NEW YORK, Oct 9: Major American oil companies and a Texas oil investor benefited from the United Nations oil-for-food programme for Iraq according to a report prepared by the chief arms inspector for the Central Intelligence Agency.

The programme is now under investigation by a panel appointed by the UN Secretary General to look into charges of kickbacks and corruption in the programme, which started in 1996 to help the Iraq people struggling under the stringent Security Council's mandated sanctions.

In a report on Saturday the New York Times said that the 918-page report says that four American oil companies - Chevron, Mobil, Texaco and Bay Oil - and three individuals including Oscar S. Wyatt Jr. of Houston were given vouchers and got 111 million barrels of oil between 1996 to 2003. The vouchers allowed them to profit by selling the oil or the right to trade it.

The other individuals, whose names appeared on a secret list maintained by the former Iraqi government, were Samir Vincent of Annandale, Va., and Shakir al-Khafaji of West Bloomfield, Mich., according to the report by the inspector, Charles A. Duelfer.

The fact that these companies and individuals received oil from Iraq does not mean they did anything illegal, experts on the programme said.
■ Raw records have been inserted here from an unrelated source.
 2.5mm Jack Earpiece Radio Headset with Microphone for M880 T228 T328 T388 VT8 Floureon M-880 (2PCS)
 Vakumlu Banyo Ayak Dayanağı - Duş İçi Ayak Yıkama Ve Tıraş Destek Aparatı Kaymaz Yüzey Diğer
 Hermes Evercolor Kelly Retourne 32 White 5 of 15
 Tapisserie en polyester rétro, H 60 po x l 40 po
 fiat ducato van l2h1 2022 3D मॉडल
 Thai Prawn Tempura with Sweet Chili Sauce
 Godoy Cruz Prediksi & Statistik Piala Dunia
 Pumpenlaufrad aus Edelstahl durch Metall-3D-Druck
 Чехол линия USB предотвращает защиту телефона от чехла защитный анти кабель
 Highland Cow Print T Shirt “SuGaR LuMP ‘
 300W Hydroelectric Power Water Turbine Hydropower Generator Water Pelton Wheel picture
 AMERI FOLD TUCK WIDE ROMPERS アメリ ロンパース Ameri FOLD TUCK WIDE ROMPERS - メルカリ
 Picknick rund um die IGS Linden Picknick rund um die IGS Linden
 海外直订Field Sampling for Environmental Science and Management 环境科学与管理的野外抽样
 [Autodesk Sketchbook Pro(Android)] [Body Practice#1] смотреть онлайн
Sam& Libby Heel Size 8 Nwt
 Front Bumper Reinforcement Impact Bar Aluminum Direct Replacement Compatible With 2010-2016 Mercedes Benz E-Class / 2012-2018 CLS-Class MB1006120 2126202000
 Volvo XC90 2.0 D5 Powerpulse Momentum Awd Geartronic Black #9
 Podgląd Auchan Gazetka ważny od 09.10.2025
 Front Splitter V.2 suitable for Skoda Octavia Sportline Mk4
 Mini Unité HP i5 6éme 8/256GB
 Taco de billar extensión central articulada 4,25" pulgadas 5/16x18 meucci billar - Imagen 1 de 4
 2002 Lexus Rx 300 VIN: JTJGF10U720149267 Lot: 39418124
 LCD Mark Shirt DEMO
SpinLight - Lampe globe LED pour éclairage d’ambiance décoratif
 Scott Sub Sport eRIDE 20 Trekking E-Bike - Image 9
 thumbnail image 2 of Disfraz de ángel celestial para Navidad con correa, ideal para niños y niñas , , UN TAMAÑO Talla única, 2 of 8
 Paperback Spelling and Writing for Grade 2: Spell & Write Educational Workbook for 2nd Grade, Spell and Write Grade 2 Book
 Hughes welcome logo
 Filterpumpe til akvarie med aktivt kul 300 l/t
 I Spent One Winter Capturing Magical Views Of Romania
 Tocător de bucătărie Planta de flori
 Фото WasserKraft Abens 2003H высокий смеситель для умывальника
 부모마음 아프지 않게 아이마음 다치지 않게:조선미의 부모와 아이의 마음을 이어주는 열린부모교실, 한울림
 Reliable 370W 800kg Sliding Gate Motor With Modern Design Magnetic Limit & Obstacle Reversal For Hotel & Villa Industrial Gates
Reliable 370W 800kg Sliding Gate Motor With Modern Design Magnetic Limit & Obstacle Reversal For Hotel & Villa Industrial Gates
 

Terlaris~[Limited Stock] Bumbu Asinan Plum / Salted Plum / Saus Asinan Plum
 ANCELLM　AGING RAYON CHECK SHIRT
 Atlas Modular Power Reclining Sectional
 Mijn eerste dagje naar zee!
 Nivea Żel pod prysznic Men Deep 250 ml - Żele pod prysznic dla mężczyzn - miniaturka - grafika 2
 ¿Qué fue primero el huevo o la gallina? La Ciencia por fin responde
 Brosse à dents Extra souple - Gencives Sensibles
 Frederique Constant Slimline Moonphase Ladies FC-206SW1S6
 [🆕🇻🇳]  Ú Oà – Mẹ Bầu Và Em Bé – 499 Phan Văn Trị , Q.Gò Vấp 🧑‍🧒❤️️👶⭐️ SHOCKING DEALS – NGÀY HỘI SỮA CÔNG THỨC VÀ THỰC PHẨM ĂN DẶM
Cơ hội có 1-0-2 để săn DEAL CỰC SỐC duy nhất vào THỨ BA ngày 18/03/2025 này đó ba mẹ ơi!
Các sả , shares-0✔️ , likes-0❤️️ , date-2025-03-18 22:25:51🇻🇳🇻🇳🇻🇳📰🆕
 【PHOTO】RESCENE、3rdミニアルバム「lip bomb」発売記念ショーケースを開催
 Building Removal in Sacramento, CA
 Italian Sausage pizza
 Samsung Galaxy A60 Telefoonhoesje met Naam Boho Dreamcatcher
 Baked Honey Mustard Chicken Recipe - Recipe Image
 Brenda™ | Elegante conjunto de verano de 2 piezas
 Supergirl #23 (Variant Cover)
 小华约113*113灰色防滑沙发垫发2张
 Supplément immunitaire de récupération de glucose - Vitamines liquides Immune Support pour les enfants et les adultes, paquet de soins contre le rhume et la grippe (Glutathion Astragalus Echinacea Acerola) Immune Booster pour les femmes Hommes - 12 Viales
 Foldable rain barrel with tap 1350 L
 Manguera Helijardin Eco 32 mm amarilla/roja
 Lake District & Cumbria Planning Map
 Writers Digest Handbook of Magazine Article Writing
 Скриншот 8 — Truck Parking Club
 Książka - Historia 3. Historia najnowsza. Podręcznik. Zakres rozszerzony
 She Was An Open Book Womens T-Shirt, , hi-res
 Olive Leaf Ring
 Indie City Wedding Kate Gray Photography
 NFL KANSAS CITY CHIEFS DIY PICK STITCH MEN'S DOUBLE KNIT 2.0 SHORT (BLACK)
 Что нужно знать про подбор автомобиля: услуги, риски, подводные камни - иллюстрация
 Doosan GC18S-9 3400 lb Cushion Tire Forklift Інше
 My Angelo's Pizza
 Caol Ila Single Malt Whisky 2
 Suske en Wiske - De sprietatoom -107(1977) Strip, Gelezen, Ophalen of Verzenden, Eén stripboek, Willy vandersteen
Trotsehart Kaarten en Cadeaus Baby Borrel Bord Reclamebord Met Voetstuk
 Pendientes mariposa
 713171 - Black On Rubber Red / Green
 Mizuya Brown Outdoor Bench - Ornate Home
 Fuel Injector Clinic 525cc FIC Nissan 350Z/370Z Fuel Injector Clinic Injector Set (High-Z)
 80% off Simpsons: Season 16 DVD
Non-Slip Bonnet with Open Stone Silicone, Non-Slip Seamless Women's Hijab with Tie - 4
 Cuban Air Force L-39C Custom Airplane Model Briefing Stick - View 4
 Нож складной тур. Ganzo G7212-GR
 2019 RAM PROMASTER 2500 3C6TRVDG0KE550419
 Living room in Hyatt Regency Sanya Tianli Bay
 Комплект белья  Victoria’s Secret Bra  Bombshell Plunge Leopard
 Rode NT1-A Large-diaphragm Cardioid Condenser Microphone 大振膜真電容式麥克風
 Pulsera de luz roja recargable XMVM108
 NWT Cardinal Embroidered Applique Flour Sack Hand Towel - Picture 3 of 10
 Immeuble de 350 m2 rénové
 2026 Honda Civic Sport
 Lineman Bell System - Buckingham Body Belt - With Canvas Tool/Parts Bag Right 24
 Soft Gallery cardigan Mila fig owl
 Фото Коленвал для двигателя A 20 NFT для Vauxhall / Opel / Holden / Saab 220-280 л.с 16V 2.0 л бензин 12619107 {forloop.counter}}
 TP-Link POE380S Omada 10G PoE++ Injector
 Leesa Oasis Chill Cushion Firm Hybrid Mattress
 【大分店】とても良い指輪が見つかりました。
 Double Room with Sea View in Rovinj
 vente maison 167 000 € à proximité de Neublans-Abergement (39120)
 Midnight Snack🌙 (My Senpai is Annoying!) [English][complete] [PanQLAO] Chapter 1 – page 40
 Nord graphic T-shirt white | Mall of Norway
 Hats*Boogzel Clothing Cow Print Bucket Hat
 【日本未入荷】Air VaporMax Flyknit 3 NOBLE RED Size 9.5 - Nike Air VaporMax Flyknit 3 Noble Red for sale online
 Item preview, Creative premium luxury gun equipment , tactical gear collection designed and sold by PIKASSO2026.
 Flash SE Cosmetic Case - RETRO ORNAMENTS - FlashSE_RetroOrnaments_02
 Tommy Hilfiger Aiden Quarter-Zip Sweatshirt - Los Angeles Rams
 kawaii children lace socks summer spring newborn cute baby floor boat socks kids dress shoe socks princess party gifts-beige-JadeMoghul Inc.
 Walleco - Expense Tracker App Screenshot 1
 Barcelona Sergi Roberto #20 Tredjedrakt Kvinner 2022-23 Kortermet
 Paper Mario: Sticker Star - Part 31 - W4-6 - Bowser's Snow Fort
Such allocations may have been proper if the individuals and companies received appropriate UN approval.

However, the NYT said that Tony Fratto, a Treasury Department spokesman, said United States sanctions on Iraq had prohibited American companies and individuals from interacting directly with Iraqi officials. But the oil dealers were permitted to get special authorization from the federal government to bid on United Nations contracts under the oil-for-food programme. He told the paper that the agency was "actively investigating" whether the American entities and people circumvented that requirement.

In interviews with the Times on Friday, spokesmen for the oil companies and for the El Paso Corporation, which assumed control of the assets of a company, Coastal Corporation, once run by Mr Wyatt, told the paper "the transactions had been legal. But each confirmed that they had received subpoenas from a federal grand jury in New York, which is investigating "transactions in oil of Iraqi origin" as part of the oil-for-food programme, according to a federal financial filing by El Paso."

The largest of the allocations went to Mr Wyatt, who the list said had received allocations totalling 74 million barrels. At the profit rates of 15 cents to 85 cents per barrel that were reported in the arms inspector's study, he could have earned $23 million.

The names of the American companies and citizens who benefited from the vouchers were not included in the published report prepared by the Iraq Survey Group that was released on Wednesday by the CIA, since the names of American individuals cannot be publicly disclosed under privacy laws. But the names were contained in the copies given to the White House and to several Congressional committees, the Times said.

Reid Morden, the staff director of the Independent Inquiry Committee, the United Nations-appointed panel headed by the former United States Federal Reserve chairman, Paul A. Volcker, told the paper his committee too was "reviewing" the new report "to see if it helps us with our investigation."